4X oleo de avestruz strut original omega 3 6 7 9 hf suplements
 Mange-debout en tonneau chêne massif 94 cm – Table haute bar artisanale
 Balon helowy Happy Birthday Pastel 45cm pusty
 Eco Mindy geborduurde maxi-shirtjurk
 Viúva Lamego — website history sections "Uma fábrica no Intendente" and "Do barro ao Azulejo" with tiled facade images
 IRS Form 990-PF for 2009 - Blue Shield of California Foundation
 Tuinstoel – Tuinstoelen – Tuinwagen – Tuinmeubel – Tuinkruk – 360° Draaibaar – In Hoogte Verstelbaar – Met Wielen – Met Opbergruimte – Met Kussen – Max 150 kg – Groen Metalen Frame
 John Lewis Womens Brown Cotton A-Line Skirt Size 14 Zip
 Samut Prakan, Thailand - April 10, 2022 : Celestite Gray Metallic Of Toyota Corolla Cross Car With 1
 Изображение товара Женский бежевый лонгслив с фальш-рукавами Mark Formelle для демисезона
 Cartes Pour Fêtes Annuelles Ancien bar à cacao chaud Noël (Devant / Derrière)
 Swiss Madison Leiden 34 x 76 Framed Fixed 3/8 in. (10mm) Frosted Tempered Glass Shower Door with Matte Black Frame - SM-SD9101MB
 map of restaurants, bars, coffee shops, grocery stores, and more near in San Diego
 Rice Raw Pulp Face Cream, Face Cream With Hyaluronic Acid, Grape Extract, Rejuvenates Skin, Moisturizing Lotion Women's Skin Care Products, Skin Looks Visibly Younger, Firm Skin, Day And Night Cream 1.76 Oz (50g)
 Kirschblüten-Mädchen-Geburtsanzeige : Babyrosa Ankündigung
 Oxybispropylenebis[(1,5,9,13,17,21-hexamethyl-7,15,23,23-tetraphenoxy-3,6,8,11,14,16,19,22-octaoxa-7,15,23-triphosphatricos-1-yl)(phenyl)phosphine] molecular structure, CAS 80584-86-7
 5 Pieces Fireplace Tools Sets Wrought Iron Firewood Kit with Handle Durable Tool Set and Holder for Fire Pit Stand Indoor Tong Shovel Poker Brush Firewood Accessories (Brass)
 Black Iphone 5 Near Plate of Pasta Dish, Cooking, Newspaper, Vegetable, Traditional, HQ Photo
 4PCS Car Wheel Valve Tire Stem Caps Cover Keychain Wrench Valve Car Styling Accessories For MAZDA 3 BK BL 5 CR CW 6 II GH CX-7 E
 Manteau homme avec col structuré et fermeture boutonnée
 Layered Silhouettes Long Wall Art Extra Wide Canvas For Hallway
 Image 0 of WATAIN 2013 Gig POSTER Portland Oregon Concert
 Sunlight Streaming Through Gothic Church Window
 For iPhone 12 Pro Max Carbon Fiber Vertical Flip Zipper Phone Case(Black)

• _WHAT IS REQUIRED_
Copy all the entries exactly.

• _SOLUTION TO THE PROBLEM_
4X oleo de avestruz strut original omega 3 6 7 9 hf suplements
 Mange-debout en tonneau chêne massif 94 cm – Table haute bar artisanale
 Balon helowy Happy Birthday Pastel 45cm pusty
 Eco Mindy geborduurde maxi-shirtjurk
 Viúva Lamego — website history sections "Uma fábrica no Intendente" and "Do barro ao Azulejo" with tiled facade images
 IRS Form 990-PF for 2009 - Blue Shield of California Foundation
 Tuinstoel – Tuinstoelen – Tuinwagen – Tuinmeubel – Tuinkruk – 360° Draaibaar – In Hoogte Verstelbaar – Met Wielen – Met Opbergruimte – Met Kussen – Max 150 kg – Groen Metalen Frame
 John Lewis Womens Brown Cotton A-Line Skirt Size 14 Zip
 Samut Prakan, Thailand - April 10, 2022 : Celestite Gray Metallic Of Toyota Corolla Cross Car With 1
 Изображение товара Женский бежевый лонгслив с фальш-рукавами Mark Formelle для демисезона
 Cartes Pour Fêtes Annuelles Ancien bar à cacao chaud Noël (Devant / Derrière)
 Swiss Madison Leiden 34 x 76 Framed Fixed 3/8 in. (10mm) Frosted Tempered Glass Shower Door with Matte Black Frame - SM-SD9101MB
 map of restaurants, bars, coffee shops, grocery stores, and more near in San Diego
 Rice Raw Pulp Face Cream, Face Cream With Hyaluronic Acid, Grape Extract, Rejuvenates Skin, Moisturizing Lotion Women's Skin Care Products, Skin Looks Visibly Younger, Firm Skin, Day And Night Cream 1.76 Oz (50g)
 Kirschblüten-Mädchen-Geburtsanzeige : Babyrosa Ankündigung
 Oxybispropylenebis[(1,5,9,13,17,21-hexamethyl-7,15,23,23-tetraphenoxy-3,6,8,11,14,16,19,22-octaoxa-7,15,23-triphosphatricos-1-yl)(phenyl)phosphine] molecular structure, CAS 80584-86-7
 5 Pieces Fireplace Tools Sets Wrought Iron Firewood Kit with Handle Durable Tool Set and Holder for Fire Pit Stand Indoor Tong Shovel Poker Brush Firewood Accessories (Brass)
 Black Iphone 5 Near Plate of Pasta Dish, Cooking, Newspaper, Vegetable, Traditional, HQ Photo
 4PCS Car Wheel Valve Tire Stem Caps Cover Keychain Wrench Valve Car Styling Accessories For MAZDA 3 BK BL 5 CR CW 6 II GH CX-7 E
 Manteau homme avec col structuré et fermeture boutonnée
 Layered Silhouettes Long Wall Art Extra Wide Canvas For Hallway
 Image 0 of WATAIN 2013 Gig POSTER Portland Oregon Concert
 Sunlight Streaming Through Gothic Church Window
 For iPhone 12 Pro Max Carbon Fiber Vertical Flip Zipper Phone Case(Black)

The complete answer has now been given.